One ha’penny, two ha’penny, hot cross buns,

If you have no daughter,

Give them to your son,

Hot cross bun ice cream sandwiches.  

Stick them up your b*m!”

You can sense the deep upset here because we prefer our ice cream in a cone.

History supports us. Hot cross buns sans ice cream, sprinkles and chocolate sauce, are symbolic of that significant day in Christian faith when Jesus was crucified at Golgotha. Golgotha from the Latin ‘calva’, meaning bald head or skull. Golgotha is a skull-shaped hill just beyond the walls of Jerusalem.

Amazing what you learn when researching hot cross buns. The bun is adorned with a cross made of tasteless flour paste, symbolic of the cross on which he died. The spices in hot cross buns are said to represent the spices that were used to embalm Christ after his death. No mention of ice cream, sprinkles and chocolate sauce...

But then when the toasted aromatics are drifting up the nose, the butter is dripping down the chin and speckled dried fruit and mixed peel are raking at the taste buds, I wonder how many people actually give thought to the symbolism of it all?

Do they stop mid-mouthful and ponder the Easter message. Or whether they should be scoffing hot cross buns on any day other than the designated Good Friday. Maybe not.

Slap’em in jail

Queen Elizabeth 1, the ‘Virgin Queen’ who ruled husbandless and therefore childless, would not have been amused by hot cross bun ice cream sandwiches. She issued a royal edict, declaring hot cross buns would not be eaten every day of the year – just Good Friday, Christmas perhaps and burials. Those who transgressed ended up in the slammer. Quite right! She also declared there would be no cheese and onion in hot cross buns, nor hundreds and thousands, ice cream and chocolate sauce.

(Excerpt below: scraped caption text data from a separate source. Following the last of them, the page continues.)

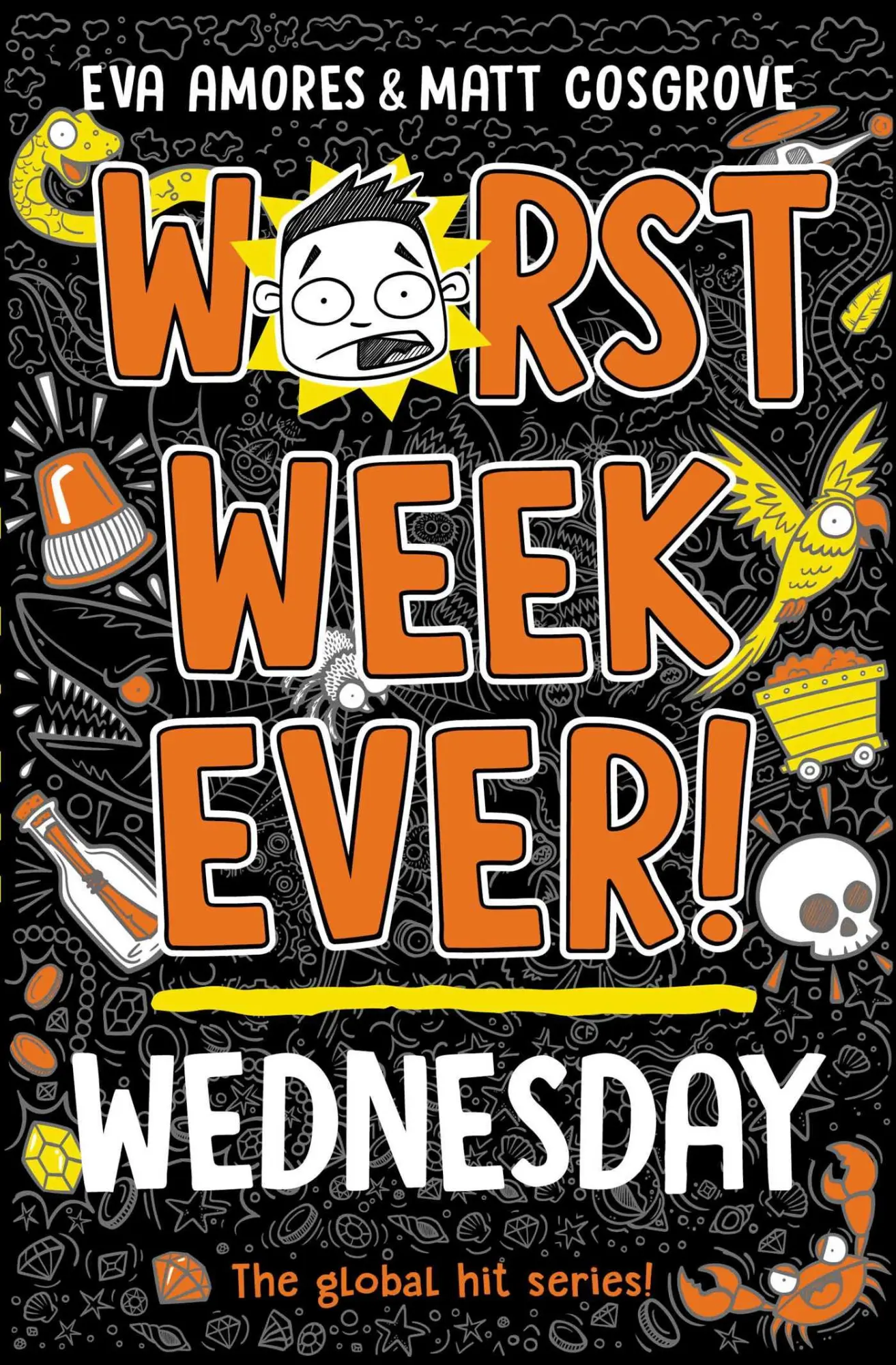 Bild: 9781398521971 | Worst Week Ever! Wednesday | Eva Amores (u. a.) | Taschenbuch | 192 S.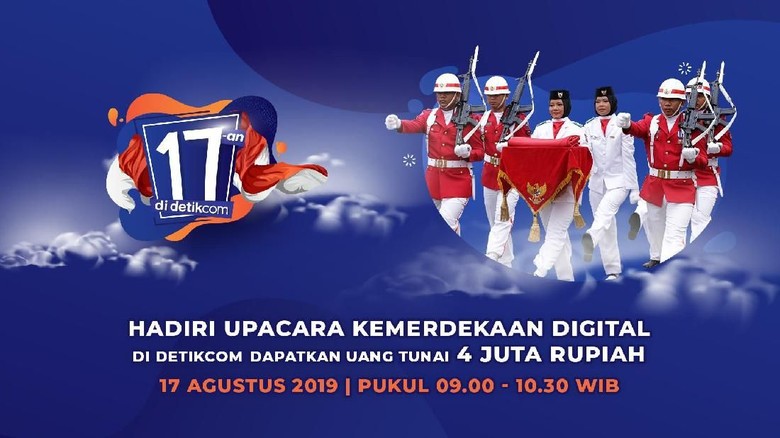 Hadiri Upacara Kemerdekaan Di Detikcom Bisa Dapat Uang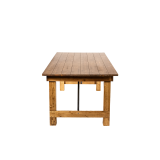 Banketinis stalas COUNTRY 180x100 cm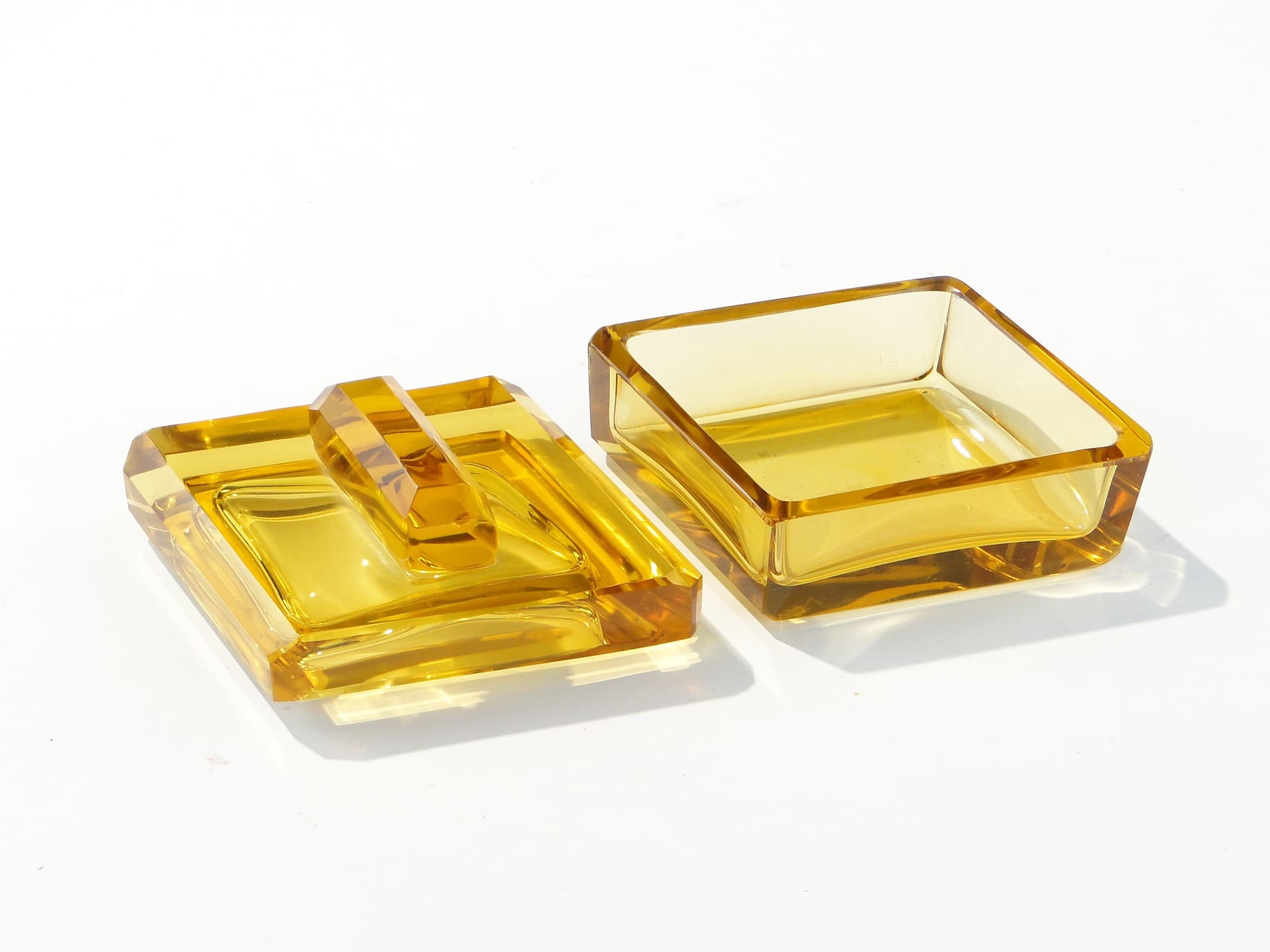 Bomboniera kryształowa  Moser - 123921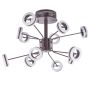 Italux METIS AX16002-12A COFFEE Deckenlampe 12x4,8W/LED IP20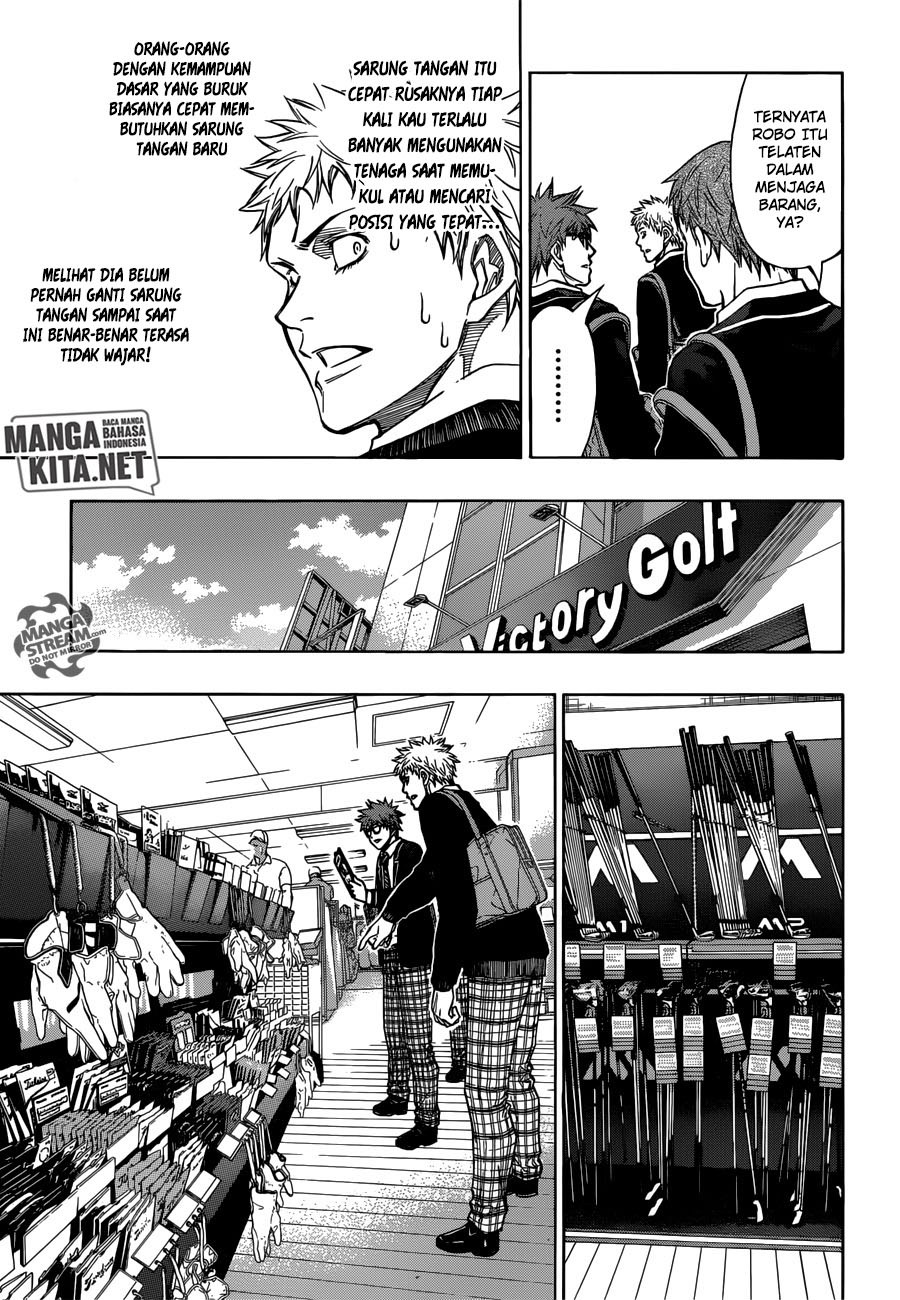 Robot x Laserbeam Chapter 26 Bahasa Indonesia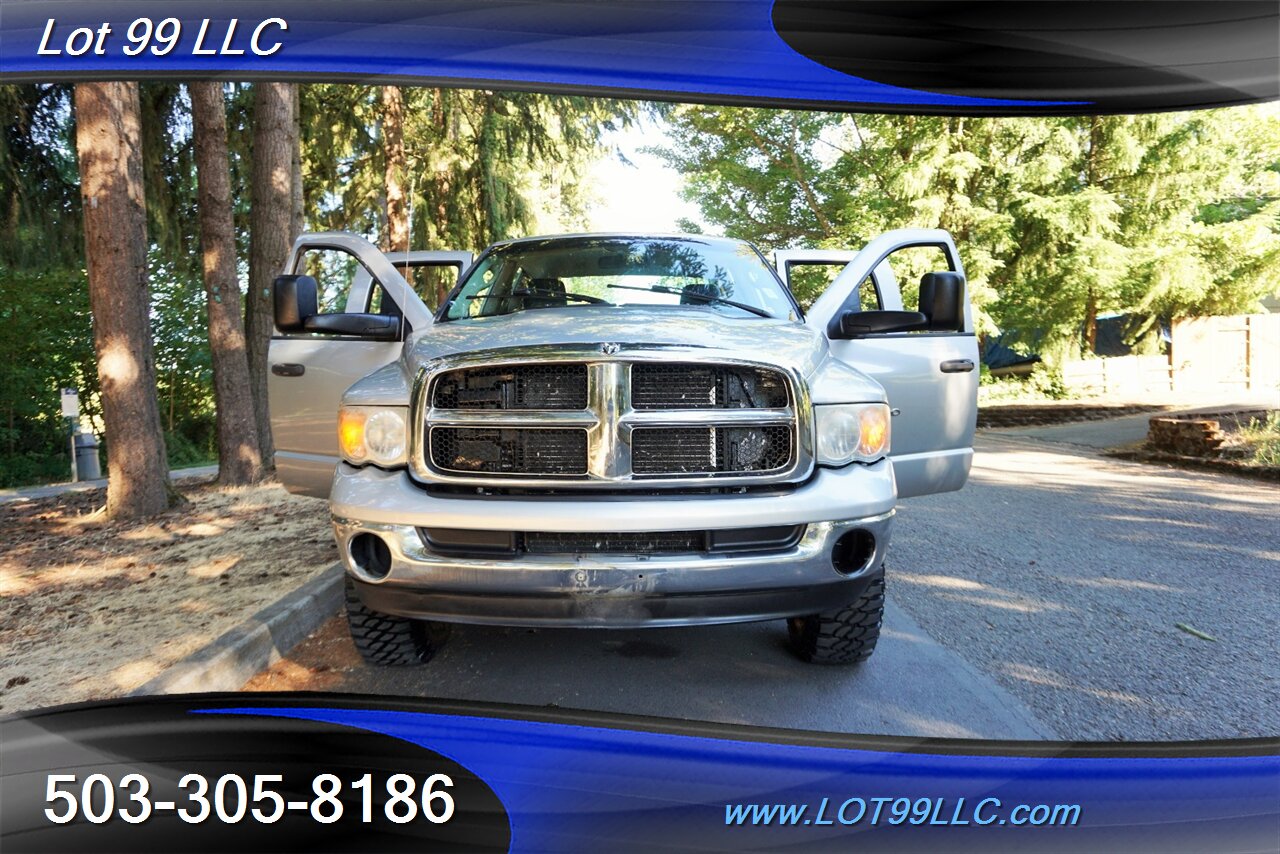 2004 Dodge Ram 2500 Laramie 4X4 5.9L Cummins Heated Leather NEW TIRES   - Photo 26 - Milwaukie, OR 97267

I made that bit up. But she should have enshrined it in law.

This all gave rise to a personal conflict of loyalty. Because when Cadbury’s closed its operation in Dunedin – my hometown, where the heart lies – and moved holus-bolus to Australia I took a stand, a petty one. I would not buy Cadbury and support Australian jobs, companies and economy to the cost of New Zealand.

I shifted my loyalty to Whittaker’s. But now I am left torn after it issued a limited edition ‘Choc Cross Bun’ cake of chocolate – added natural mixed spices, raisins and orange oil to its creamy milk chocolate. How can I bang on willy-nilly about exploitation of the humble hot cross bun then go out and buy hot cross bun-flavoured chocolate? Quite easily I suspect.